### Work to be completed
Starting at the line with "Posterior Direct composite class 1.." and going on through the line with "Rhinoplasty Before & After Patient #6394", reproduce each line in the records below exactly and nothing more.
Data records START
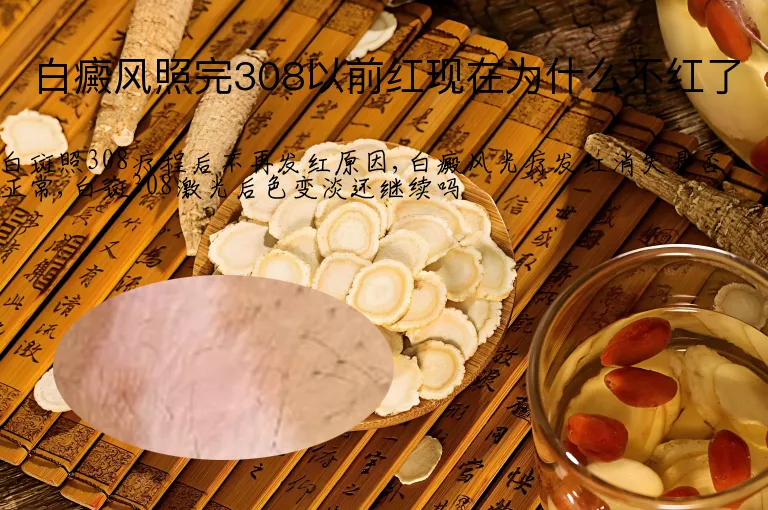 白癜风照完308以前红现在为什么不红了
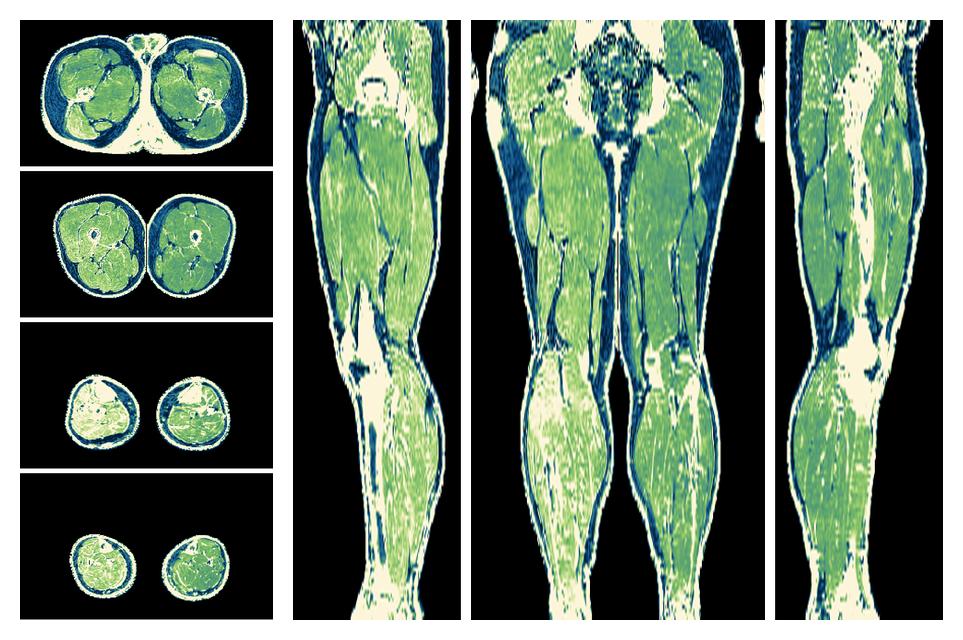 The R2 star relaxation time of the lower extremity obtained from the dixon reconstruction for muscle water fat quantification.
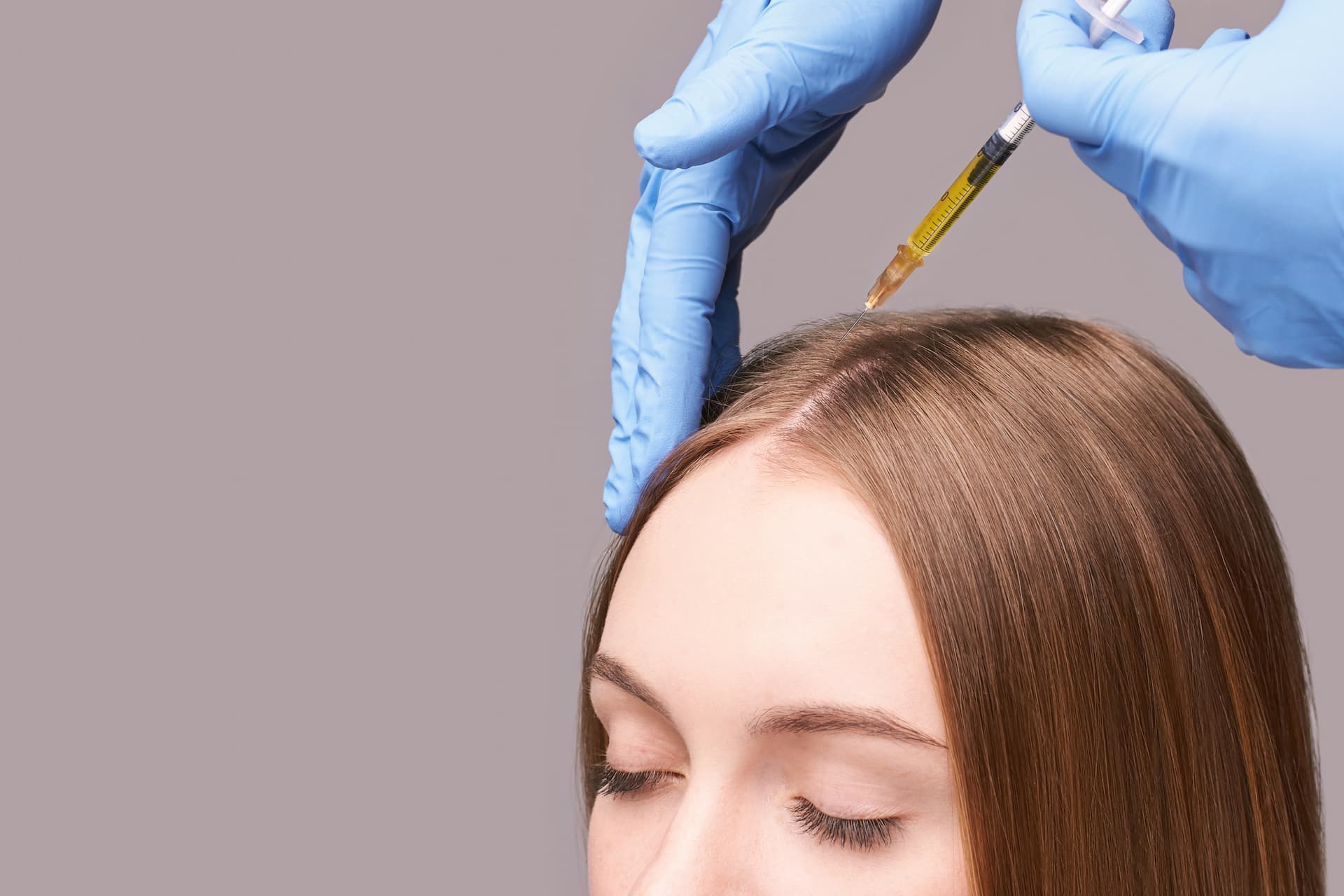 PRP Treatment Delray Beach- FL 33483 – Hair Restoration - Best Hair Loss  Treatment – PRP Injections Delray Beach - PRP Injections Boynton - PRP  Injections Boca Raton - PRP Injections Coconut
Data records END
Data records START
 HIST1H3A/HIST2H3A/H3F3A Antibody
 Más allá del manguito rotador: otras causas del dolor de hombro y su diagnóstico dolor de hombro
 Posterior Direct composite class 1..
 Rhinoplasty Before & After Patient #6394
Data records END
### Solution to the exercise
 Posterior Direct composite class 1..
 Rhinoplasty Before & After Patient #6394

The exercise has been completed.